- Exercise aim
Only the lines from the one holding "Wanderung auf den" through the end of the material are to be repeated, exactly and without pictures.

*** Input data ***

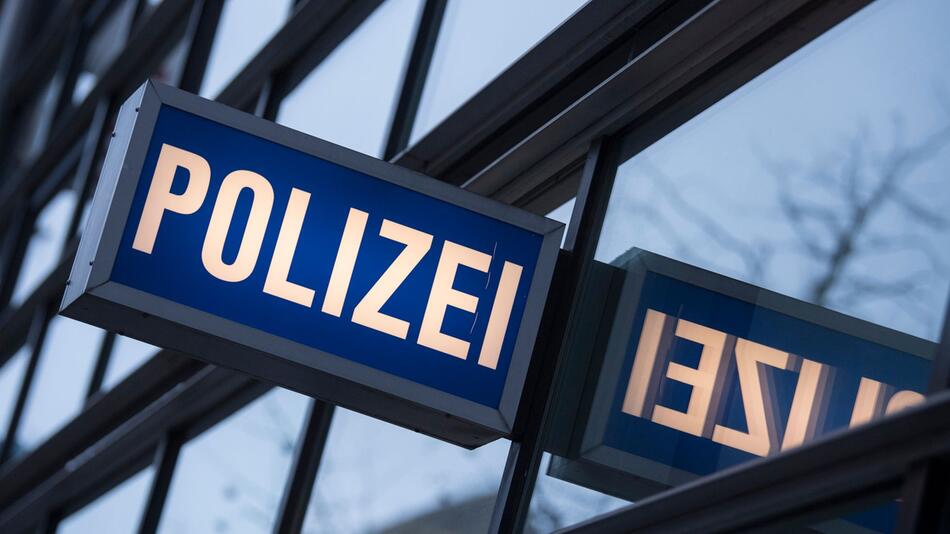 Schriftzug Polizei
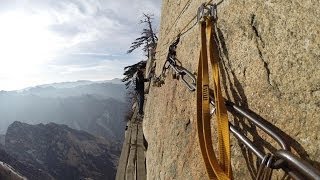 Wanderung auf den Huashan Mountain in China mit Plank Walk zum Temple of God [upl. by Culliton]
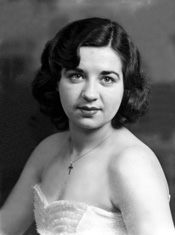 Miss Evelyn Mackenzie. See also 43211g-q.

*** End of Input data ***

- Final answer
 Wanderung auf den Huashan Mountain in China mit Plank Walk zum Temple of God [upl. by Culliton]
 Miss Evelyn Mackenzie. See also 43211g-q.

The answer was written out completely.